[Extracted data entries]
● ● ● ● ●

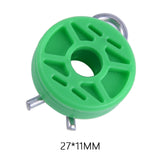 Maxbell Window Regulator Repair Guide Roller 4493433 for Saab 9-3 9-5 900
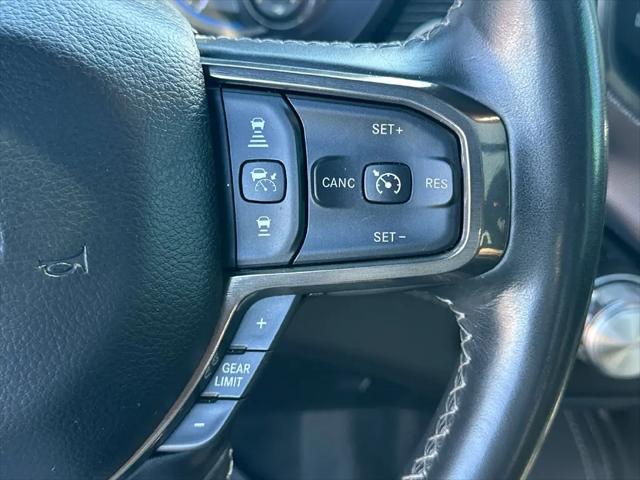 2021 Ram 1500 Limited Crew Cab 4x4 57 Box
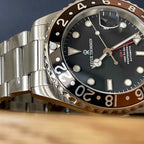Revue Thommen Diver GMT ref. 17572.2139 — stahl Automatic watch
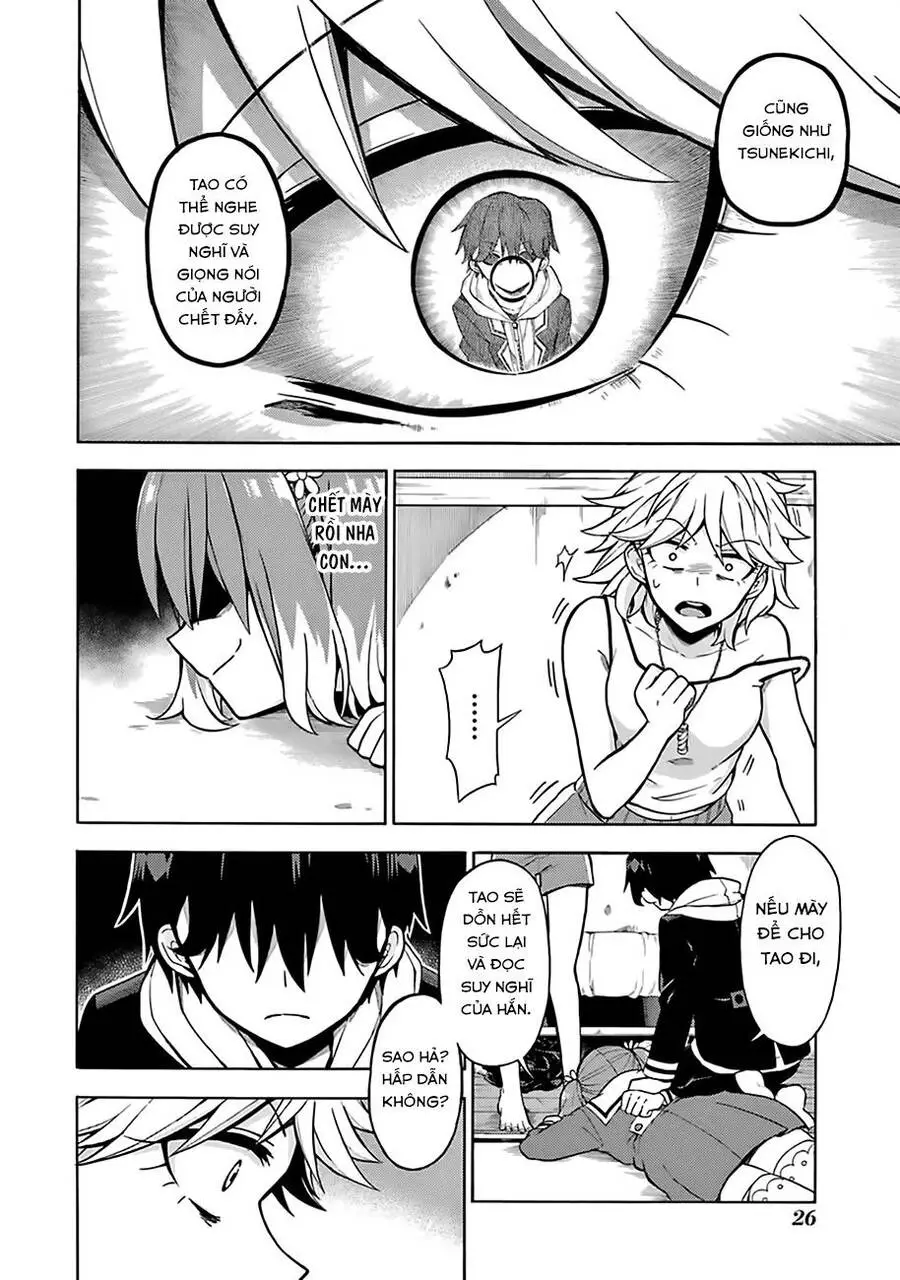 Munou Na Nana Nettruyen ZZZ Chương 12 Page 31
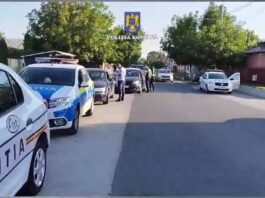 Razie a Poliției Rutiere Galați, zeci de amenzi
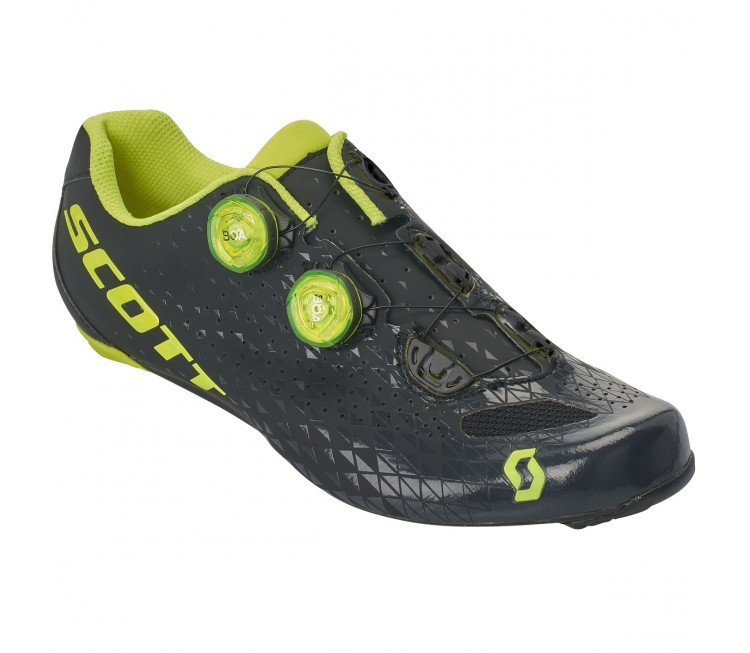 SCO SHOE ROAD RC MA BL/SU YEL 42.0 SCO SHOE ROAD RC MA BL/SU YEL 42.0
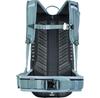Rucksack Evoc FR Lite Race 10 S Stahl/Kupferblau (100115134-S)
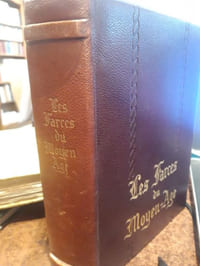 Les farces du Moyen-Âge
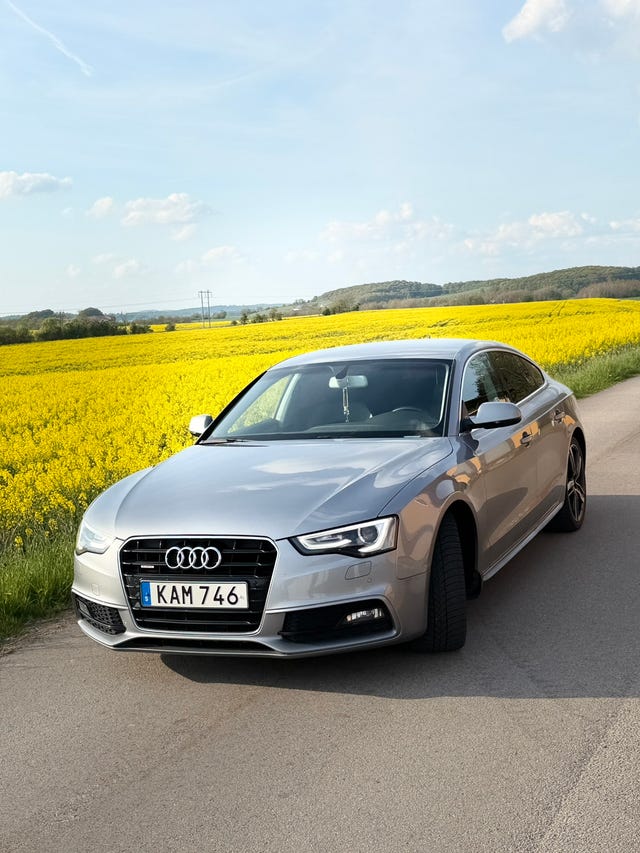 Audi A5 2016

● ● ● ● ●

THE TASK: From the line containing "Razie a Poliției" through the last line of the data above, write out every line word for word, and nothing else. Do not include the pictures.

ANSWER:
 Razie a Poliției Rutiere Galați, zeci de amenzi
 SCO SHOE ROAD RC MA BL/SU YEL 42.0 SCO SHOE ROAD RC MA BL/SU YEL 42.0
Rucksack Evoc FR Lite Race 10 S Stahl/Kupferblau (100115134-S)
 Les farces du Moyen-Âge
 Audi A5 2016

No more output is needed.